R/normalization.R

Defines functions minmax_errors dummy_data dummy_var minmax centerX cosnormX TSS desparsify frobNorm centerK cosNorm

Documented in centerK centerX cosNorm cosnormX desparsify dummy_data dummy_var frobNorm minmax TSS

############################################
### NORMALIZATION & KERNEL NORMALIZATION ###
############################################

### Several widespread normalization techniques


## Kernel normalization

#' Cosine normalization of a kernel matrix
#'
#' It is equivalent to compute K using the normalization `X/sqrt(sum(X^2))` in Feature Space.
#'
#' @references Ah-Pine, J. (2010). Normalized kernels as similarity indices.
#' In Advances in Knowledge Discovery and Data Mining: 14th Pacific-Asia Conference,
#' PAKDD 2010, Hyderabad, India, June 21-24, 2010. Proceedings. Part II 14 (pp. 362-373).
#' Springer Berlin Heidelberg. \href{https://hal.science/hal-01504523/document}{Link}
#'
#' @param K Kernel matrix (class "matrix").
#'
#' @return Cosine-normalized K (class "matrix").
#' @export
#' @importFrom methods is
#'
#' @examples
#' dat <- matrix(rnorm(250),ncol=50,nrow=5)
#' K <- Linear(dat)
#' cosNorm(K)

cosNorm <- function(K) {
  ## Errors
  kprecondition_helper(K)

  names <- rownames(K)
  D <- diag(1/sqrt(diag(K)))
  K <- D %*% K %*% D
  colnames(K) <- rownames(K) <- names
  return(K)
}


#' Centering a kernel matrix
#'
#' It is equivalent to compute `K` over centered data (i.e. the mean of each
#' column is subtracted) in Feature Space.
#'
#' @param K Kernel matrix (class "matrix").
#'
#' @return Centered `K` (class "matrix").
#' @export
#' @importFrom methods is
#' @examples
#' dat <- matrix(rnorm(250),ncol=50,nrow=5)
#' K <- Linear(dat)
#' centerK(K)

centerK <- function(K) {
  ## Errors
  kprecondition_helper(K)

  names <- rownames(K)
  n <- nrow(K)
  Ip <- matrix(rep(1/n,n^2),nrow=n,ncol=n)
  K <- (K - (Ip %*% K) - (K %*% Ip) +  (Ip %*% K %*% Ip))
  colnames(K) <- rownames(K) <- names
  return(K)
}



## General matrix and data normalization

#' Frobenius normalization
#'
#' This function computes the Frobenius normalization of a matrix.
#'
#' @param X Numeric matrix of any size. It may be a kernel matrix.
#'
#' @return Frobenius-normalized X (class: "matrix").
#' @export
#'
#' @examples
#' dat <- matrix(rnorm(50),ncol=5,nrow=10)
#' frobNorm(dat)

# Podria ser Ăștil en MKL. TambĂ© es pot usar sobre matrius no de kernel i no quadrades.
frobNorm <- function(X)  return(X/(norm(X, type="F")))


#'
#' This function deletes those columns and/or rows in a matrix/data.frame that
#' only contain 0s.
#'
#' @param X Numeric matrix or data.frame of any size.
#' @param dim A numeric vector. 1 indicates that the function should be applied
#' to rows, 2 to columns, c(1, 2) indicates rows and columns. (Defaults: 2).

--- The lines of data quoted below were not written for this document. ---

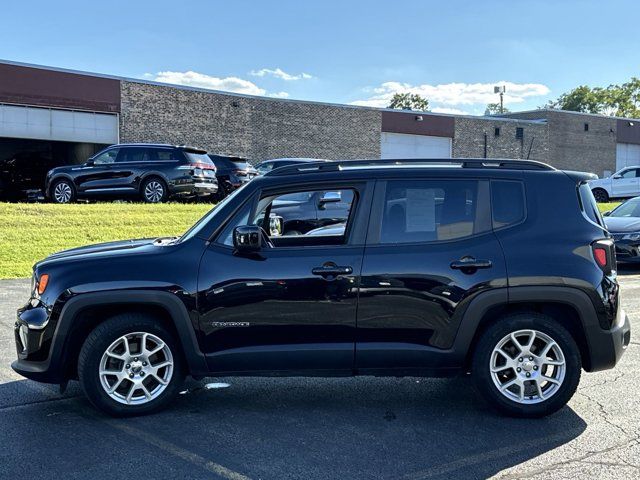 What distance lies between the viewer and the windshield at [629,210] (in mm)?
13547

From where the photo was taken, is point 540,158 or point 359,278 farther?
point 540,158

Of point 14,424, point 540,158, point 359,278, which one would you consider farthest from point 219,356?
point 540,158

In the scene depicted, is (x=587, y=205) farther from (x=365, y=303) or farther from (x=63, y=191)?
(x=63, y=191)

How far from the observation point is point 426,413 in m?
4.64

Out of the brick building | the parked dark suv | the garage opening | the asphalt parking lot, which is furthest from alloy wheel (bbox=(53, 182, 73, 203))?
the asphalt parking lot

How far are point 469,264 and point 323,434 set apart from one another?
A: 5.12 ft

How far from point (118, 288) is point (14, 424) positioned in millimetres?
1199

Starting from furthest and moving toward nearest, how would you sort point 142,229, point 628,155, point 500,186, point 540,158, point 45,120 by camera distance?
point 628,155, point 540,158, point 45,120, point 142,229, point 500,186

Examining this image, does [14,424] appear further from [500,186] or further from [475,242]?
[500,186]

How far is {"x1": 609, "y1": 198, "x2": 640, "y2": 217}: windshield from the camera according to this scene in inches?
533

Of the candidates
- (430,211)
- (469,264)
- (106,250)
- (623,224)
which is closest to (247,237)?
(106,250)

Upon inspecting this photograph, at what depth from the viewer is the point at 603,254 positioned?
4473 mm

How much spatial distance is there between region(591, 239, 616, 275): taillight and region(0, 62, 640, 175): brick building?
21427 mm

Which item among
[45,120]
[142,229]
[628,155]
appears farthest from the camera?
[628,155] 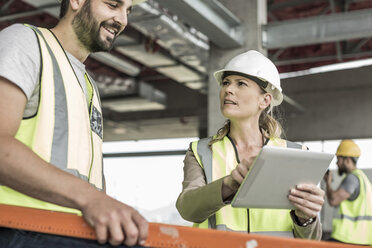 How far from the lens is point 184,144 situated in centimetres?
1808

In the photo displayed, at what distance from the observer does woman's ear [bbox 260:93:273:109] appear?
9.11 ft

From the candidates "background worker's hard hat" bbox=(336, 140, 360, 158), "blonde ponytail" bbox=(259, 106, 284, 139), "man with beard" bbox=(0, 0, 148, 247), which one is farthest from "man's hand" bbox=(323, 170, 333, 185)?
"man with beard" bbox=(0, 0, 148, 247)

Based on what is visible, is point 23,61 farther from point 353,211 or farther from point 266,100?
point 353,211

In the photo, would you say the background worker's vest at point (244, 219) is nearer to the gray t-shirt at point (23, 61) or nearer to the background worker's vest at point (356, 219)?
the gray t-shirt at point (23, 61)

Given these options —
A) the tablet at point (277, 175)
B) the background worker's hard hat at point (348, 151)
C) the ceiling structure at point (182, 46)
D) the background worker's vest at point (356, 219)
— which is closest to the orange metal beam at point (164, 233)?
the tablet at point (277, 175)

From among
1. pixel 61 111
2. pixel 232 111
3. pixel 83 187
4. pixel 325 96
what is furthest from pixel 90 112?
pixel 325 96

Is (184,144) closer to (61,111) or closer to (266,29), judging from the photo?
(266,29)

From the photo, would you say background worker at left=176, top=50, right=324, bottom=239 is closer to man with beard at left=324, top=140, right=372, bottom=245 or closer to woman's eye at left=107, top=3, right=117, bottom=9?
woman's eye at left=107, top=3, right=117, bottom=9

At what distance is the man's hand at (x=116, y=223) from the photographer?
1138mm

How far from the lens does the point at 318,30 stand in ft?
23.0

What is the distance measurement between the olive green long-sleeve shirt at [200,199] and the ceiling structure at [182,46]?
1293 millimetres

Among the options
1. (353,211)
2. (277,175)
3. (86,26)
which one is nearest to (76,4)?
(86,26)

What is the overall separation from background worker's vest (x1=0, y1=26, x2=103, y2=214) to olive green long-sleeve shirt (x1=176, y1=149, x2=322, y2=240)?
1.81 ft

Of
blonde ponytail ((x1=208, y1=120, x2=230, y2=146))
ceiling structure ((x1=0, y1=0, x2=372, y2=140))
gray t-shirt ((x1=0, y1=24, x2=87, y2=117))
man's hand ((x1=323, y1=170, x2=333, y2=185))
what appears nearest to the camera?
gray t-shirt ((x1=0, y1=24, x2=87, y2=117)) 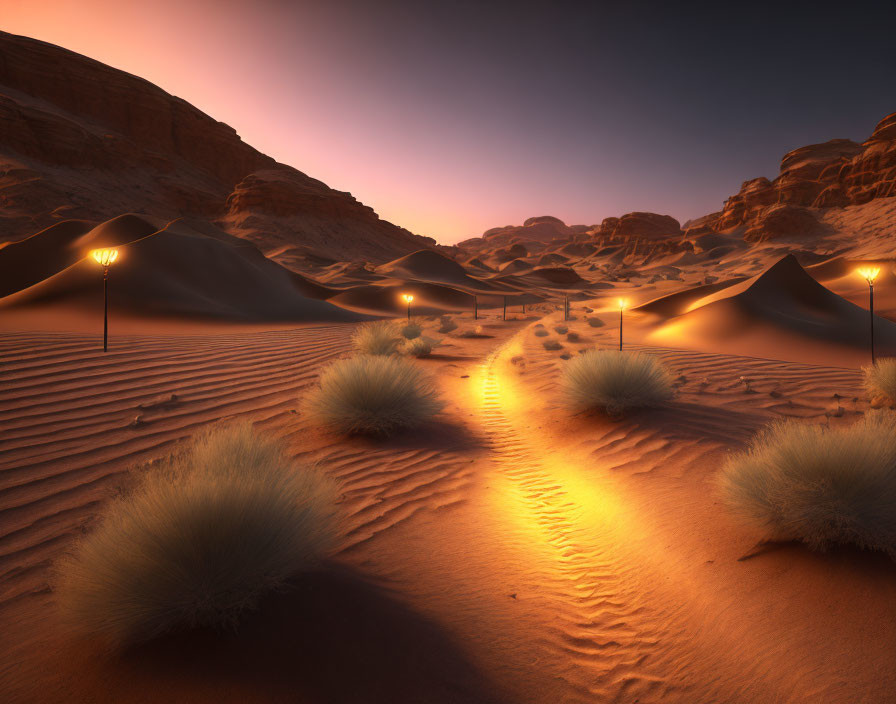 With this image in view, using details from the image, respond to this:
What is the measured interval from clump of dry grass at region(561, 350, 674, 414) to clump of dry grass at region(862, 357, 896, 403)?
2.64 metres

#' @return X with less rows or columns. (Class: the same than X).
#' @export
#'
#' @examples
#' dat <- matrix(rnorm(150),ncol=50,nrow=30)
#' dat[c(2,6,12),] <- 0
#' dat[,c(30,40,50)] <- 0
#' dim(desparsify(dat))
#' dim(desparsify(dat,dim=c(1,2)))

desparsify <- function(X,dim=2)  {
  X0 <- X!=0
  if(1 %in% dim) X <- X[rowSums(X0)>0,,drop=FALSE]
  if(2 %in% dim) X <- X[,colSums(X0)>0,drop=FALSE]
  return(X)
}


#' Total Sum Scaling
#'
#' This function transforms a dataset from absolute to relative frequencies
#' (by row or column).
#'
#' @param X Numeric matrix or data.frame of any size containing absolute frequencies.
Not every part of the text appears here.